Roman Notes, ca 1970

Cy Twombly

Runtime: 01:32

Annika Gunnarsson: It looks as if someone has scribbled something in a hurry on a scrap of paper in illegible handwriting, or as if someone has tried to imitate writing.

The lines undulate across the paper in two shades of blue. They almost roll across the surface as if one colour follows the other.

After a while, it’s the aesthetics of the line and its flow that becomes the interesting thing to follow, rather than what the writing might convey in terms of linguistic content, because, as I said, there is nothing there to read, only to interpret.

The movement of the crayon across the paper tells us of a rhythmic continuity that moves through time and space, just as sheet music can make us hear sound when we see the notes.

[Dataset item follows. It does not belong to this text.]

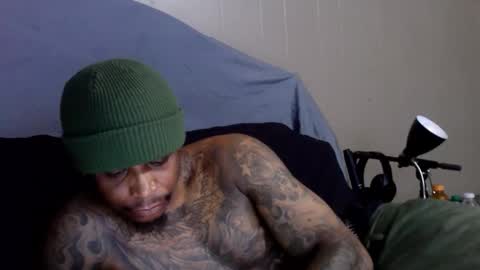 Snapshot of rickavelli chatting on October 24, 5:14 pm Rick online show from October 24, 5:14 pm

Cy Twombly’s “Roman Notes” was created at a time in the 1960s when art was dissolving the boundaries between different forms of expression such as poetry, music, drawing and painting.

Throughout his artistic career, Cy Twombly followed his own unique intellectual path, working against artistic movements such as Abstract Expressionism and Minimalism, which he felt emphasised an aggressive masculinity.

Instead, Cy Twombly linked modernism to the cultural, historical, and poetic references of classical antiquity, creating a sensual and intimate dialogue between thought, hand, material, and experience.